Al was a genial, wizened old gentleman with frizzy white hair surrounding his smiling face like an electric halo. Not only did he help Adelaide with her homework, Al also became known for unofficially tutoring many of the local school children in his home. They would “bribe” him with fudge, and he would share cookies with them.
Adelaide made a wise choice in seeking Mr. Al’s help. You see, years earlier while a 26-year-old second-level patent office clerk, Al had done some remarkable things with math and physics.
In a four-month span, he discovered the quantum theory of light, explained Brownian motion, proved the existence of atoms, and developed arguably the most revolutionary equation in the history of science: energy equals mass times the speed of light squared—e=mc2.

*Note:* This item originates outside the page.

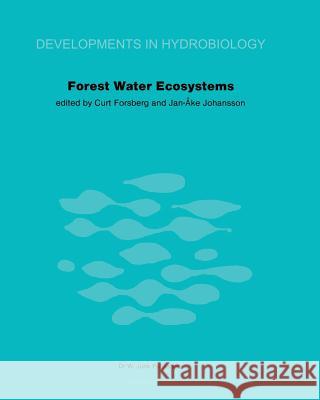 Forest Water Ecosystems: Nordic Symposium on Forest Water Ecosystems Held at Färna, Central Sweden, September 28-October 2, 1981 Forsberg, C. 9789400972865 Springer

Although he was known to local school children as “Mr. Al,” the rest of the world knew him as Albert Einstein.
Consider these parallels on an infinitely greater scale than Adelaide and Einstein:
For thus says the One who is high and lifted up,
who inhabits eternity,
whose name is Holy:
I dwell in the high and holy place,
and also with him who is of a contrite and lowly spirit,
to revive the spirit of the lowly,
and to revive the heart of the contrite.
One writer says that the entire New Testament is a running commentary on this one verse. Here it is: the Bible’s message, the heart of the great God and the only hope for people captured in a few lines of poetry written 27 centuries ago. The everlasting God, quintessential in righteousness and far beyond our approach, chooses to live with us who are broken, who have hit the ugly rock bottom of our self-centered sin.
Now the high, holy One comes down to give us life. He lives with us to enliven us. This is the chain of grace—“downward mobility,” as some put it—from transcendence to immanence for deliverance. We can’t go where He is, but He can come here, and He has. He does. When He comes to you, welcome Him—not to give you help with math, but to give you life.